**What is expected**. Where an entry below contains an image, skip the image and copy the rest exactly.

**Listed entries**.
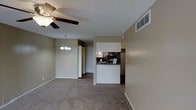 This single-floor residence presents a practical, open-concept layout that connects the living and dining areas in one cohesive space. The living area is finished with wall-to-wall carpet in a neutral tan tone, complemented by warm beige walls that lend a consistent, understated palette throughout. A ceiling fan with a light fixture is positioned in the living area, while a decorative chandelier marks the dining space, adding a subtle touch of elegance. The textured popcorn ceiling runs throughout, adding a classic residential character.

The kitchen is positioned at the rear of the open floor plan and features a raised breakfast bar-style pass-through that opens toward the dining and living areas, promoting an interconnected feel. Dark stainless appliances, including a microwave and refrigerator, are visible within the kitchen, which transitions to hard flooring — contrasting with the carpeted living spaces. Adjacent to the kitchen is a built-in storage area with louvered bi-fold doors and additional cabinetry, providing ample organizational space. A hallway connects to further rooms, completing the functional flow of this well-organized single-level layout.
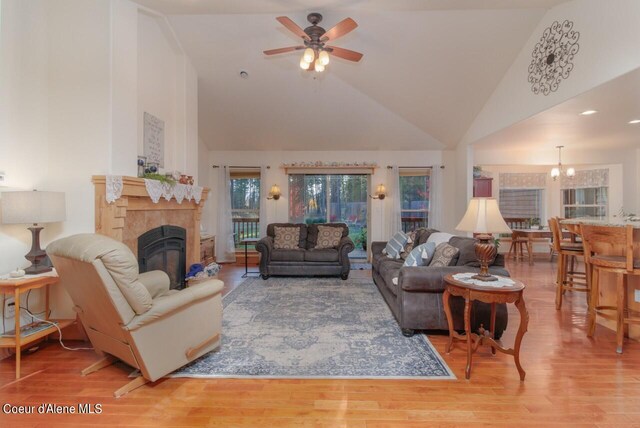 living room with ceiling fan with notable chandelier, high vaulted ceiling, hardwood / wood-style flooring, and a fireplace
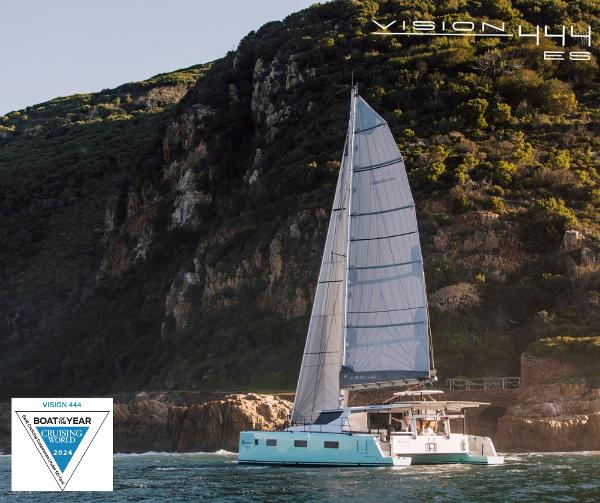 Vision 444 ES sailboat cruising near rocky coastline, awarded Boat of the Year 2024.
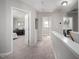 Upstairs hallway with access to bedroom and laundry room with great natural light at 1908 Woodsdale Dr, Durham, NC 27703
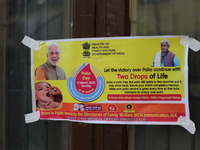 A poster is being pasted outside the health center in Srinagar, Kashmir, India, on March 3, 2024. A three-day pulse polio vaccination drive...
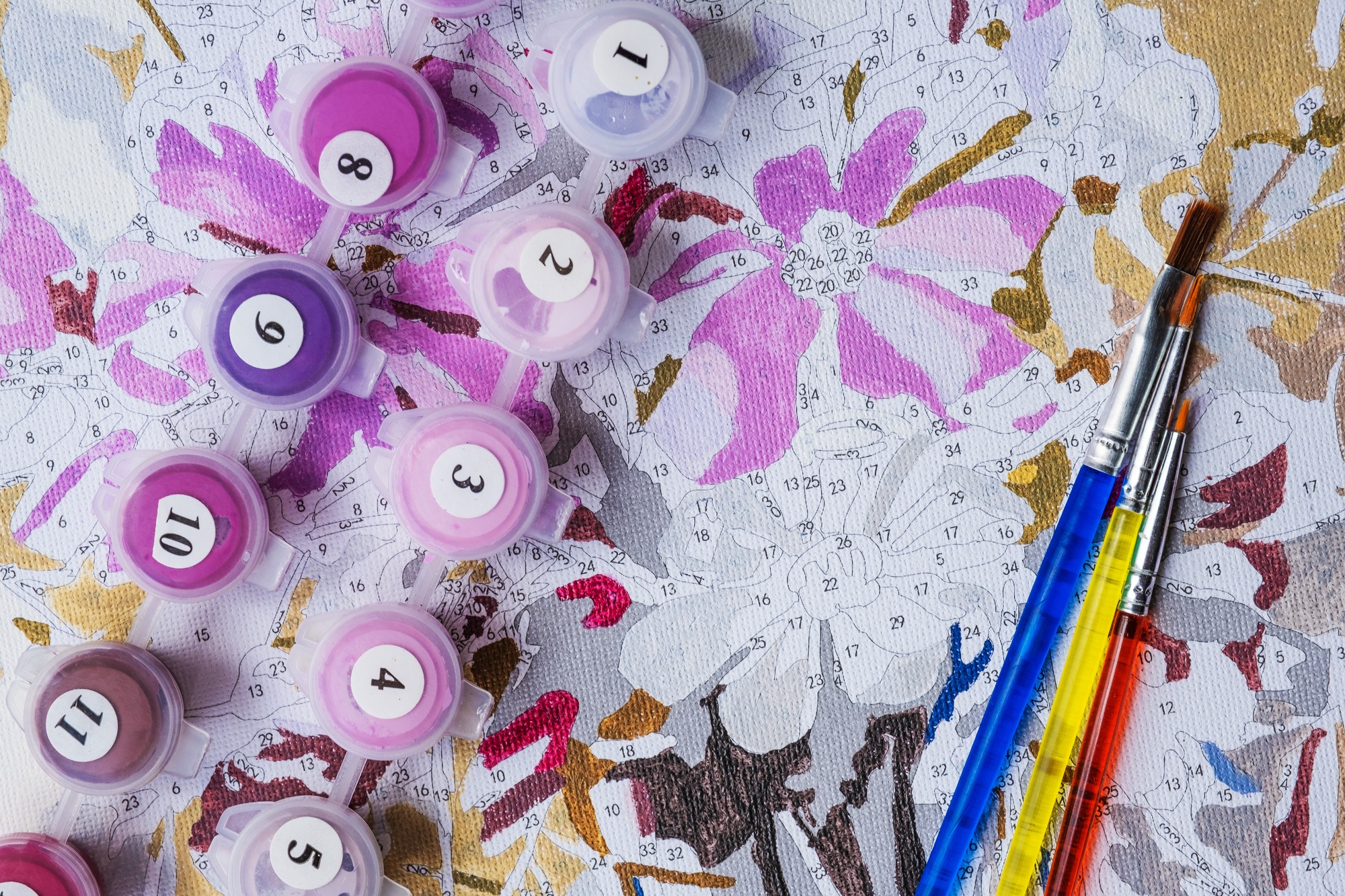 Painting by numbers. Drawing on canvas. Numbered paint cans and brushes.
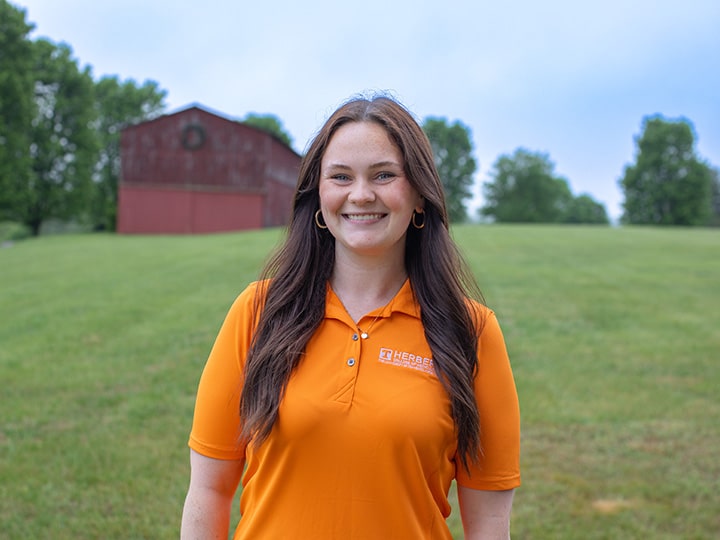 Headshot of Nora Mooney wearing a Herbert polo in a field with a red barn in the background.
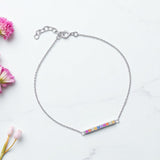 Rainbow Bar Bracelet – 925 Sterling Silver & CZ Stone by Urban Pizazz. Shop our 925 sterling silver Rainbow Bar Bracelet with vibrant CZ stones. Dainty, adjustable, hypoallergenic – perfect for layering or gifting in the UK.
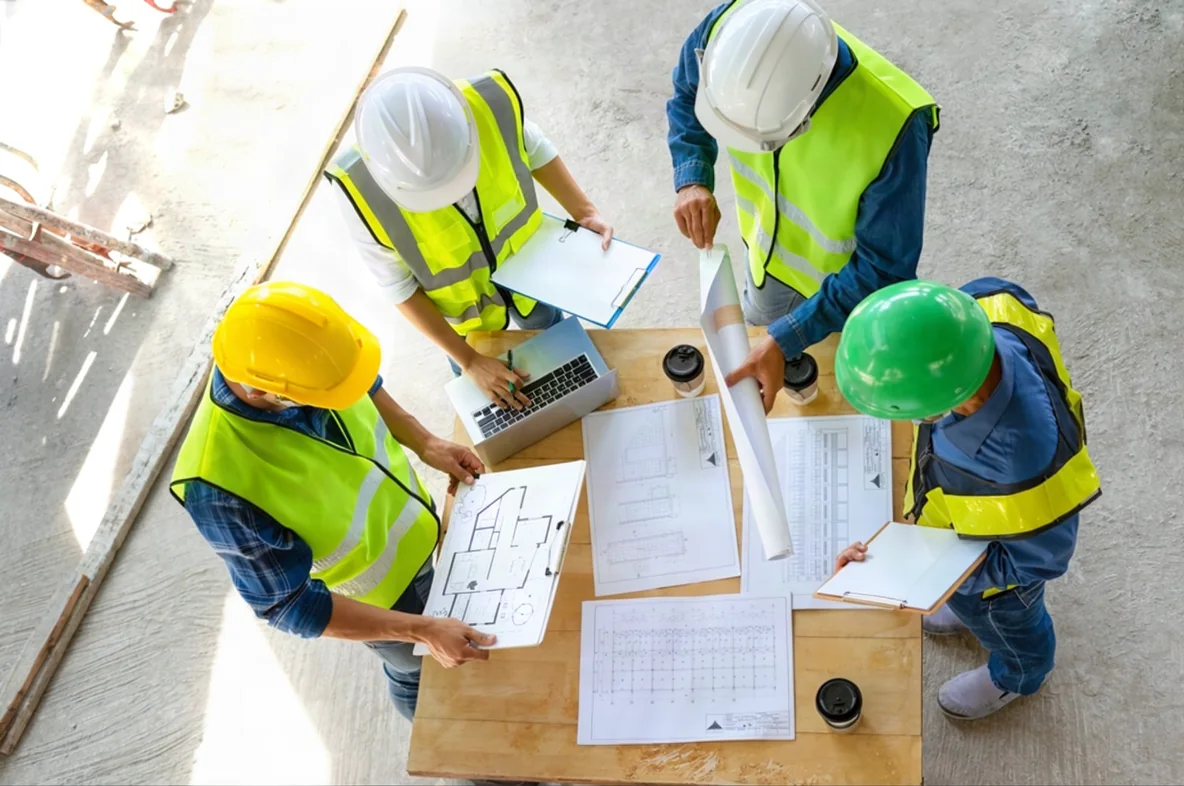 Construction professionals gathered around drawings and a laptop at a jobsite planning meeting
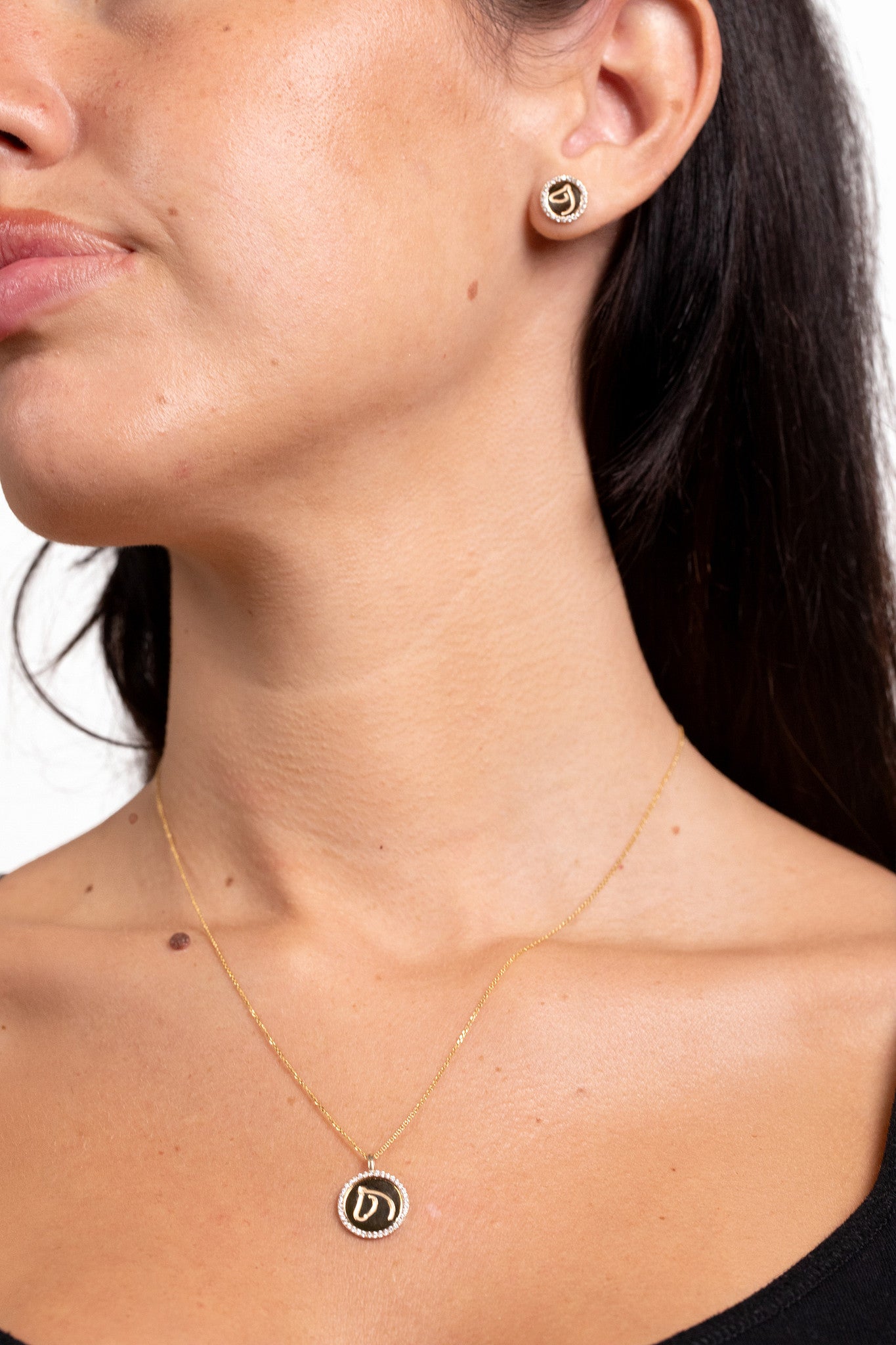 Woman wearing a gold-tone diamond-border Circle Medallion horse necklace and matching studs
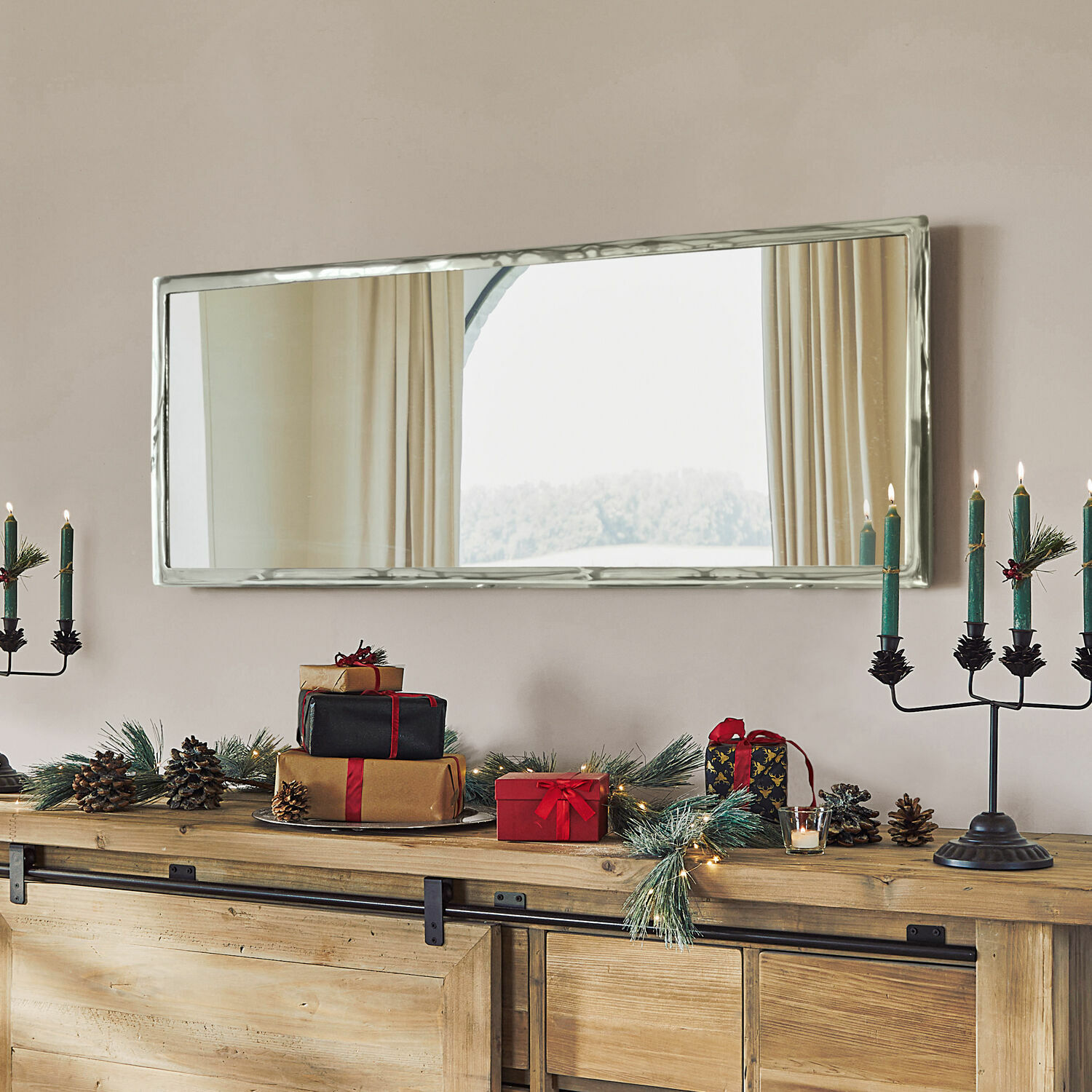Rechteckiger Spiegel mit silbernem Metallrahmen über Holzkommode mit Weihnachtsdekoration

**Response to the task**.
 This single-floor residence presents a practical, open-concept layout that connects the living and dining areas in one cohesive space. The living area is finished with wall-to-wall carpet in a neutral tan tone, complemented by warm beige walls that lend a consistent, understated palette throughout. A ceiling fan with a light fixture is positioned in the living area, while a decorative chandelier marks the dining space, adding a subtle touch of elegance. The textured popcorn ceiling runs throughout, adding a classic residential character.

The kitchen is positioned at the rear of the open floor plan and features a raised breakfast bar-style pass-through that opens toward the dining and living areas, promoting an interconnected feel. Dark stainless appliances, including a microwave and refrigerator, are visible within the kitchen, which transitions to hard flooring — contrasting with the carpeted living spaces. Adjacent to the kitchen is a built-in storage area with louvered bi-fold doors and additional cabinetry, providing ample organizational space. A hallway connects to further rooms, completing the functional flow of this well-organized single-level layout.
 living room with ceiling fan with notable chandelier, high vaulted ceiling, hardwood / wood-style flooring, and a fireplace
 Vision 444 ES sailboat cruising near rocky coastline, awarded Boat of the Year 2024.
 Upstairs hallway with access to bedroom and laundry room with great natural light at 1908 Woodsdale Dr, Durham, NC 27703
 A poster is being pasted outside the health center in Srinagar, Kashmir, India, on March 3, 2024. A three-day pulse polio vaccination drive...
 Painting by numbers. Drawing on canvas. Numbered paint cans and brushes.
 Headshot of Nora Mooney wearing a Herbert polo in a field with a red barn in the background.
 Rainbow Bar Bracelet – 925 Sterling Silver & CZ Stone by Urban Pizazz. Shop our 925 sterling silver Rainbow Bar Bracelet with vibrant CZ stones. Dainty, adjustable, hypoallergenic – perfect for layering or gifting in the UK.
 Construction professionals gathered around drawings and a laptop at a jobsite planning meeting
 Woman wearing a gold-tone diamond-border Circle Medallion horse necklace and matching studs
Rechteckiger Spiegel mit silbernem Metallrahmen über Holzkommode mit Weihnachtsdekoration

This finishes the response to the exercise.